In spregio alla memoria del Novecento perché, come s’è già detto, in quel secolo è apparsa brutalmente chiara l’alleanza e la simbiosi teologico-politica, eppure – già nel corso degli eventi in alcuni lucidi pensatori, ma poi eminentemente e autorevolmente nel concilio – la Chiesa ha saputo restare coscienza critica, e aggiornarsi, anche e soprattutto rispetto alla posizione da assumere nei confronti dei diversi governi, e nel salvaguardare quella libertà religiosa di cui è titolare la persona, «essere dotato di ragione e di volontà libera».
Il bisogno di una Chiesa disinteressata
Quanto alla lettura dei segni tempi oggi, più che mai le nostre società sembrano aver bisogno della parola di una Chiesa che sappia essere testimonianza sollecita eppur disinteressata, profetica e povera. Una gamma di problemi forse s’impone nel contesto sempre più multipolare di oggi: quella costituita dalle crescenti disuguaglianze e dell’erosione dei diritti, in un’ingiustizia sociale e ambientale sempre più insostenibile assieme a fenomeni di rinascenti razzismi, negazionismi e nazionalismi, a nuove forme di schiavitù, all’apparente “normalità” della guerra. Mi pare che anche gli eventi più recenti depongano in favore di una testimonianza umile, nella mite ma ferma consapevolezza delle proprie capacità. Ciò che la scelta di Benedetto XVI enfatizza è infatti il carattere di ministero dell’ufficio petrino, ciò che depone è un altro velo di quel carattere ieratico di cui taluni suoi predecessori hanno amato ammantarsi. L’oggetto della testimonianza, quello, rimane sempre lo stesso e quello più autentico: il vangelo solo, nel suo potenziale di liberazione dal peccato d’idolatria, dall’ipocrisia e dall’ingiustizia. Il tentativo di rifugiarsi nuovamente nel modello costantiniano andrebbe misurato all’interno di questo contesto globale. Ne risulterebbe evidente, credo, tutta l’obsolescenza.

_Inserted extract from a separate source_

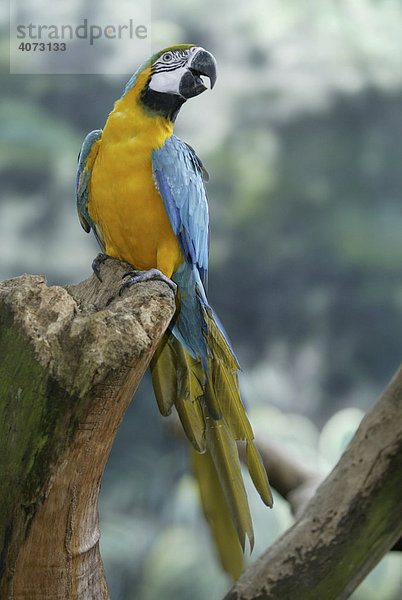 Gelbbrustara (Ara ararauna)  Papagei  erwachsen  rufend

Tornando dunque alla domanda iniziale: è sufficiente averla dichiarata, la fine di quell’era? Certamente no, non è sufficiente. Quella dichiarazione nasce però da un’analisi critica dei segni dei tempi, e attraverso quest’analisi la critica genera considerazioni ad alto potenziale performativo, considerazioni cioè cui si può rispondere solo mediante un’azione, una prassi conseguente. Così si porrebbe nuovamente al centro la predicazione del Regno a venire , di contro alla nostalgia triste di chi crede che la Chiesa abbia già vissuto, altrove in un idealizzato passato, il proprio compimento.
Gianmaria Zamagni
Ricercatore all’Università di Münster (Vestfalia/Germania)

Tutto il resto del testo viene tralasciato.